NVFP4 is a 4-bit microscaling format designed to overcome the dynamic range limitations of standard 4-bit quantization during long-horizon pretraining. Unlike previous approaches, NVFP4 uses a 16-element block size (down from 32) and E4M3 scale factors to preserve precision. It employs a two-level scaling architecture: E4M3 per-block scales and an FP32 per-tensor scale, ensuring that the absolute maximum (amax) values in each block maintain near-FP8 fidelity.

Stability Techniques for 4-Bit Training

Directly quantizing linear layer GEMMs to 4-bit causes training divergence. NVIDIA’s methodology stabilizes the process through four specific interventions:

  • Selective High Precision: Approximately 16% of linear layers (specifically the first two and final eight blocks) are kept in BF16 to handle dynamic range sensitivity.
  • Random Hadamard Transforms (RHT): Input tiles are multiplied by a 16x16 Hadamard matrix to spread weight gradient outliers into a Gaussian distribution, improving convergence for large models.
  • 2D Block Scaling: Weights are scaled in 16x16 blocks to ensure consistency between forward and backward passes, preventing chain-rule breakage caused by tensor transposition.
  • Stochastic Rounding: Applied exclusively to gradients to remove the systematic bias introduced by round-to-nearest-even methods.

Performance and Scaling

Validated on a 12B hybrid Mamba-Transformer over 10 trillion tokens, NVFP4 achieved downstream accuracy comparable to FP8 baselines (e.g., 62.58% vs 62.62% on MMLU-Pro).
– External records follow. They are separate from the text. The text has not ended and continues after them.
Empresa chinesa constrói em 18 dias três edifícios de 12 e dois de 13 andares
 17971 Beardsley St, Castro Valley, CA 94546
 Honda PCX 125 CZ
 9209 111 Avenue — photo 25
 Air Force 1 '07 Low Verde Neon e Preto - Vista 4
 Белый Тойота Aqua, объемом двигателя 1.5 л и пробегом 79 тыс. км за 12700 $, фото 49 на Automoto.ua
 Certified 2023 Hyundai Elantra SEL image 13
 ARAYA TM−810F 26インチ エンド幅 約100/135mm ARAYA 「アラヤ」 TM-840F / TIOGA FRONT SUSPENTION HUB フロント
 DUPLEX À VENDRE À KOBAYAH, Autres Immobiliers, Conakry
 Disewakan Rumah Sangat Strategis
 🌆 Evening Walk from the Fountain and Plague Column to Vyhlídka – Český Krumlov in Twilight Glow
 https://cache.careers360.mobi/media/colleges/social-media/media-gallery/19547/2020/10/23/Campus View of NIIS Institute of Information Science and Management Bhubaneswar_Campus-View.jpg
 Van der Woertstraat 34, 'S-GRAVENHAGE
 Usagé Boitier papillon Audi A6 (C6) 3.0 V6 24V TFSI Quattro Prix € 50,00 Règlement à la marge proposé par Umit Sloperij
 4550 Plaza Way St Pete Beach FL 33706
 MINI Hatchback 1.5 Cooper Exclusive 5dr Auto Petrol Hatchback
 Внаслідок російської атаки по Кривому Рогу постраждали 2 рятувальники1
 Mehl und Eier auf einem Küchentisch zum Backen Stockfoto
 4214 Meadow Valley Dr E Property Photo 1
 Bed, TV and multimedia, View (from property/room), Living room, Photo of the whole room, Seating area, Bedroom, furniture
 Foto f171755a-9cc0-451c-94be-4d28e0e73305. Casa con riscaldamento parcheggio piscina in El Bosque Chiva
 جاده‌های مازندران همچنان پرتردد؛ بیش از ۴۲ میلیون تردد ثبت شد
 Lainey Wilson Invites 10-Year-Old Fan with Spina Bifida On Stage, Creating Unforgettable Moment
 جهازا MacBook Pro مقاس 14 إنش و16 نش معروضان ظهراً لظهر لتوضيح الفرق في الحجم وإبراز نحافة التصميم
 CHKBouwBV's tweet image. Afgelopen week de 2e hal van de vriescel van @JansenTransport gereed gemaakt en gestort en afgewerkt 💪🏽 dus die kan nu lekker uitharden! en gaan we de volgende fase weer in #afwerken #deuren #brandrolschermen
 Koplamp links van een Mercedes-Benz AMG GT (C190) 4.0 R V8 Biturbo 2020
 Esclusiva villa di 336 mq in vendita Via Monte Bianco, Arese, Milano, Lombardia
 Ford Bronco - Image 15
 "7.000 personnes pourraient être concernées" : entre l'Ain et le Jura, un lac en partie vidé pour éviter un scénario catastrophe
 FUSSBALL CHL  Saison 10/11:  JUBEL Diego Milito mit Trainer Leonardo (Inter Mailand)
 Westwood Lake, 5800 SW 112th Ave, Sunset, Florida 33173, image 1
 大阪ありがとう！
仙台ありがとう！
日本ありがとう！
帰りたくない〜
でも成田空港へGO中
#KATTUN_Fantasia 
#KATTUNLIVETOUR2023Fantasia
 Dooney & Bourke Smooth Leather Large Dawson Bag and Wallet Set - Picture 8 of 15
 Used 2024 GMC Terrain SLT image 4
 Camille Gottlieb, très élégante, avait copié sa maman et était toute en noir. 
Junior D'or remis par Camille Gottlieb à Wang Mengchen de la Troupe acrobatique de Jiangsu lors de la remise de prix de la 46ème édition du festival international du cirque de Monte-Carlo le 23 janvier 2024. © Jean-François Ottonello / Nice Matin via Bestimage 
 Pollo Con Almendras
While coding benchmarks showed a slight performance gap, this was mitigated by a precision-switching technique where the forward pass transitioned to BF16 at 8.2T tokens, reducing relative loss error from 1.5% to 0.5%. Compared to MXFP4, NVFP4 demonstrated superior loss convergence, effectively saving a 36% token overhead in training budgets.